◆ Exercise details ◆
Set down nothing but the lines from the one containing "Aboriginal flag on" to the final line of the material, exactly as written, and drop the pictures.

+ + + +

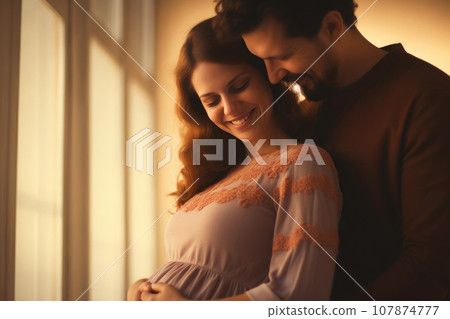 Love in Bloom: Happy Pregnant Couple Embracing Love in Bloom: Happy Pregnant Couple Embracing 107874777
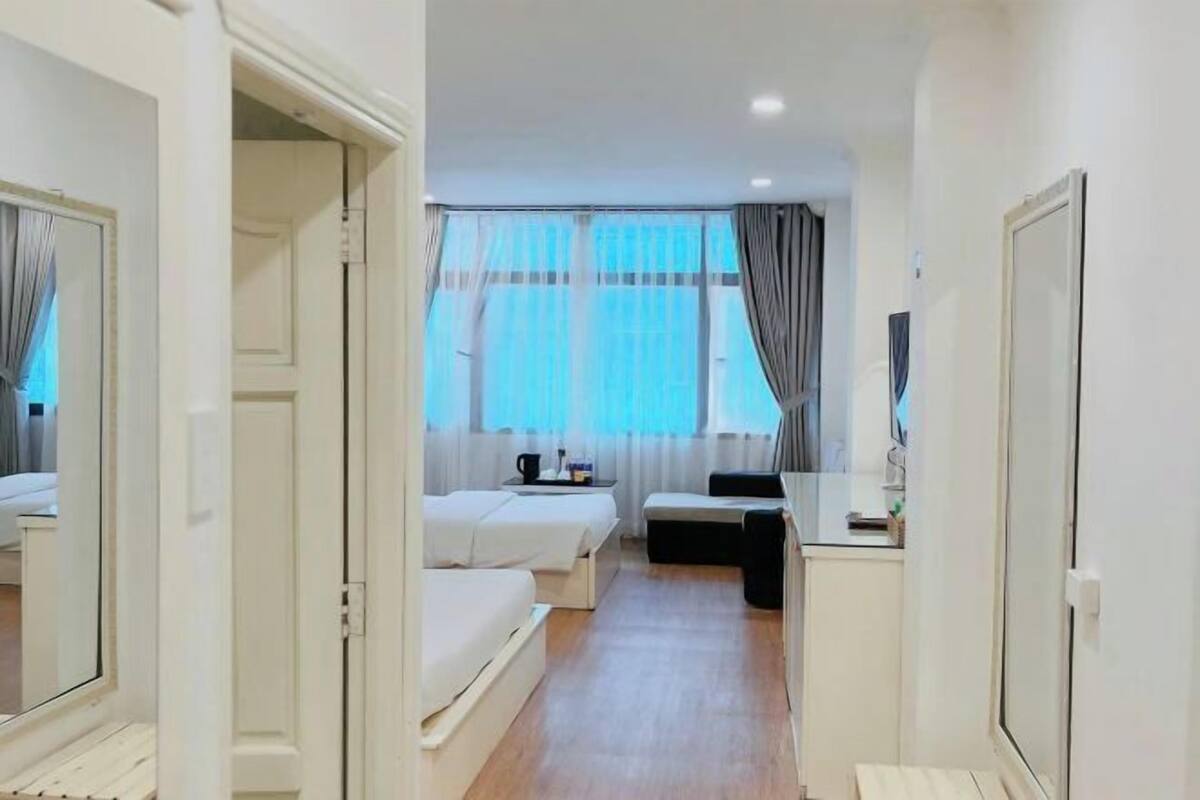 Une chambre d’hôtel avec un lit, un bureau, une chaise et une fenêtre avec des rideaux.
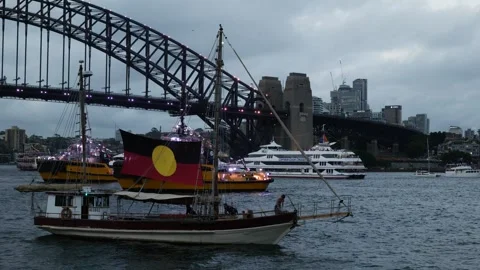 Aboriginal flag on a boat and Sydney Harbour bridge 6K Stock Footage 330445183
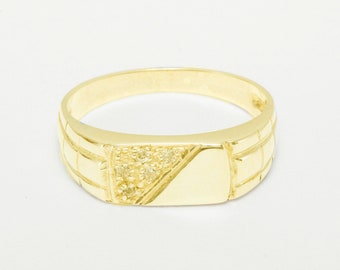 May include: A gold signet ring with a rectangular top and a small row of clear stones. The band of the ring has a textured design.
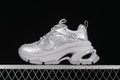 Side view of a silver lace-up sneaker with a chunky sculpted platform sole.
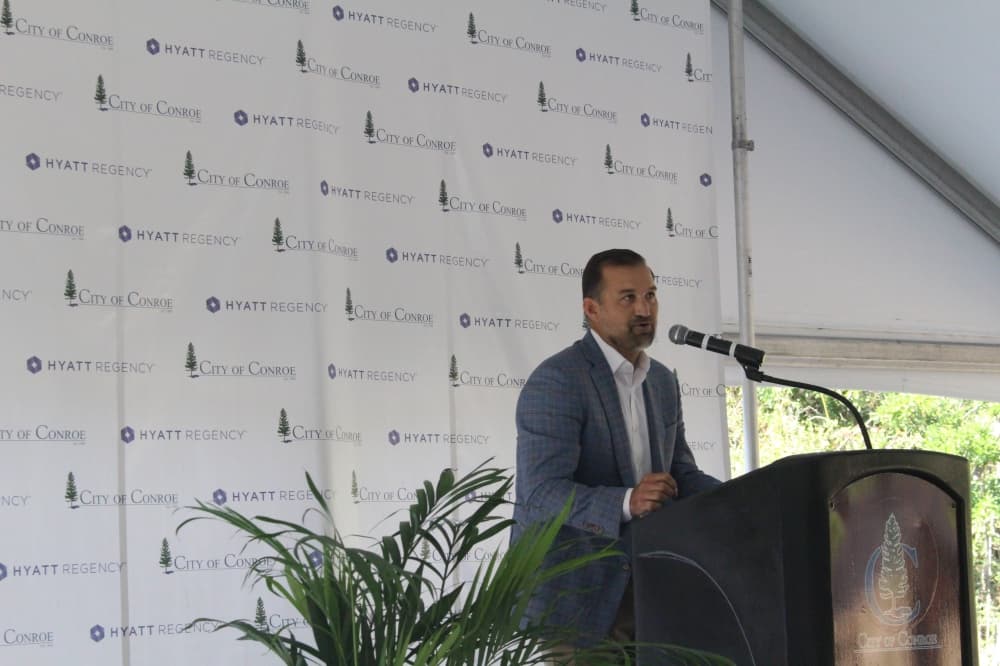 Kimo Bertram speaks at a podium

+ + + +

◆ Answer for this exercise ◆
 Aboriginal flag on a boat and Sydney Harbour bridge 6K Stock Footage 330445183
 May include: A gold signet ring with a rectangular top and a small row of clear stones. The band of the ring has a textured design.
 Side view of a silver lace-up sneaker with a chunky sculpted platform sole.
 Kimo Bertram speaks at a podium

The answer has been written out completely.